### Required work
Print all of the data exactly as written.

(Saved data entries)
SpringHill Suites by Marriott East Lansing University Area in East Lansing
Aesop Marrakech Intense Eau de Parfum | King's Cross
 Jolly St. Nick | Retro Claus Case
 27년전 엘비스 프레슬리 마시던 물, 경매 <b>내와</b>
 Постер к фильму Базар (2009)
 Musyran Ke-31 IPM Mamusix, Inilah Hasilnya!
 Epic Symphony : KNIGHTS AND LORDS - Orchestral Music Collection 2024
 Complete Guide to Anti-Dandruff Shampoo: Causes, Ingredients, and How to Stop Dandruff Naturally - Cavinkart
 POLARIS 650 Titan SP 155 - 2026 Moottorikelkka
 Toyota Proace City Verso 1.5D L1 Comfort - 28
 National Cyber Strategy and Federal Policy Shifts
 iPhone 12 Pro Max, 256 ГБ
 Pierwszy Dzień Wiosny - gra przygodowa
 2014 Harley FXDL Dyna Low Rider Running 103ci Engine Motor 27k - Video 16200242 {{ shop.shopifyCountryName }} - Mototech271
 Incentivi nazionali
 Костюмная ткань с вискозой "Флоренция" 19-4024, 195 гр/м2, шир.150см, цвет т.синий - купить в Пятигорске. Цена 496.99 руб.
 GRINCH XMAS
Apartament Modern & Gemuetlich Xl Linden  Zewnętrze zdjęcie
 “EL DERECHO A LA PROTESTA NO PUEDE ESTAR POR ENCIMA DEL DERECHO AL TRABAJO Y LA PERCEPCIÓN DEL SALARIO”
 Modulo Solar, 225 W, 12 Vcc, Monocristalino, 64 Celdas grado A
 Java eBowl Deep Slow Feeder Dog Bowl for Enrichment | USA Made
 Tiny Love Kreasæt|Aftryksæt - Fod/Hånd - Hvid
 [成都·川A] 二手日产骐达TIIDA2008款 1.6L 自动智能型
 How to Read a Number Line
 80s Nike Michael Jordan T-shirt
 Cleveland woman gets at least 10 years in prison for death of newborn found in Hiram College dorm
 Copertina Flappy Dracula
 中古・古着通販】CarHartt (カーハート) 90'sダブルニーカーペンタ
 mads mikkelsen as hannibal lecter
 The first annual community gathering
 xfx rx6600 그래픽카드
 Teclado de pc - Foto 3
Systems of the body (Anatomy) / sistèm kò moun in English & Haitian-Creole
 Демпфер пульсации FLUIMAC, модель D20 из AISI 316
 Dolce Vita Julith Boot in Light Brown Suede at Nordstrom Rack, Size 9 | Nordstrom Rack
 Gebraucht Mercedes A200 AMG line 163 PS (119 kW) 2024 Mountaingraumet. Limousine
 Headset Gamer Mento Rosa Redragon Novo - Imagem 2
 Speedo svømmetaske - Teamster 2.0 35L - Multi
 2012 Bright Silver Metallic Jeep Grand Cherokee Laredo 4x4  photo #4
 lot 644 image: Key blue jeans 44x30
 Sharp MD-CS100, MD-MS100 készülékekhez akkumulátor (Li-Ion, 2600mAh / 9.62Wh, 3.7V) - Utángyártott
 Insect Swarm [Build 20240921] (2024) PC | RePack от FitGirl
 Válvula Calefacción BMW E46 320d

### Response to the task
SpringHill Suites by Marriott East Lansing University Area in East Lansing
Aesop Marrakech Intense Eau de Parfum | King's Cross
 Jolly St. Nick | Retro Claus Case
 27년전 엘비스 프레슬리 마시던 물, 경매 <b>내와</b>
 Постер к фильму Базар (2009)
 Musyran Ke-31 IPM Mamusix, Inilah Hasilnya!
 Epic Symphony : KNIGHTS AND LORDS - Orchestral Music Collection 2024
 Complete Guide to Anti-Dandruff Shampoo: Causes, Ingredients, and How to Stop Dandruff Naturally - Cavinkart
 POLARIS 650 Titan SP 155 - 2026 Moottorikelkka
 Toyota Proace City Verso 1.5D L1 Comfort - 28
 National Cyber Strategy and Federal Policy Shifts
 iPhone 12 Pro Max, 256 ГБ
 Pierwszy Dzień Wiosny - gra przygodowa
 2014 Harley FXDL Dyna Low Rider Running 103ci Engine Motor 27k - Video 16200242 {{ shop.shopifyCountryName }} - Mototech271
 Incentivi nazionali
 Костюмная ткань с вискозой "Флоренция" 19-4024, 195 гр/м2, шир.150см, цвет т.синий - купить в Пятигорске. Цена 496.99 руб.
 GRINCH XMAS
Apartament Modern & Gemuetlich Xl Linden  Zewnętrze zdjęcie
 “EL DERECHO A LA PROTESTA NO PUEDE ESTAR POR ENCIMA DEL DERECHO AL TRABAJO Y LA PERCEPCIÓN DEL SALARIO”
 Modulo Solar, 225 W, 12 Vcc, Monocristalino, 64 Celdas grado A
 Java eBowl Deep Slow Feeder Dog Bowl for Enrichment | USA Made
 Tiny Love Kreasæt|Aftryksæt - Fod/Hånd - Hvid
 [成都·川A] 二手日产骐达TIIDA2008款 1.6L 自动智能型
 How to Read a Number Line
 80s Nike Michael Jordan T-shirt
 Cleveland woman gets at least 10 years in prison for death of newborn found in Hiram College dorm
 Copertina Flappy Dracula
 中古・古着通販】CarHartt (カーハート) 90'sダブルニーカーペンタ
 mads mikkelsen as hannibal lecter
 The first annual community gathering
 xfx rx6600 그래픽카드
 Teclado de pc - Foto 3
Systems of the body (Anatomy) / sistèm kò moun in English & Haitian-Creole
 Демпфер пульсации FLUIMAC, модель D20 из AISI 316
 Dolce Vita Julith Boot in Light Brown Suede at Nordstrom Rack, Size 9 | Nordstrom Rack
 Gebraucht Mercedes A200 AMG line 163 PS (119 kW) 2024 Mountaingraumet. Limousine
 Headset Gamer Mento Rosa Redragon Novo - Imagem 2
 Speedo svømmetaske - Teamster 2.0 35L - Multi
 2012 Bright Silver Metallic Jeep Grand Cherokee Laredo 4x4  photo #4
 lot 644 image: Key blue jeans 44x30
 Sharp MD-CS100, MD-MS100 készülékekhez akkumulátor (Li-Ion, 2600mAh / 9.62Wh, 3.7V) - Utángyártott
 Insect Swarm [Build 20240921] (2024) PC | RePack от FitGirl
 Válvula Calefacción BMW E46 320d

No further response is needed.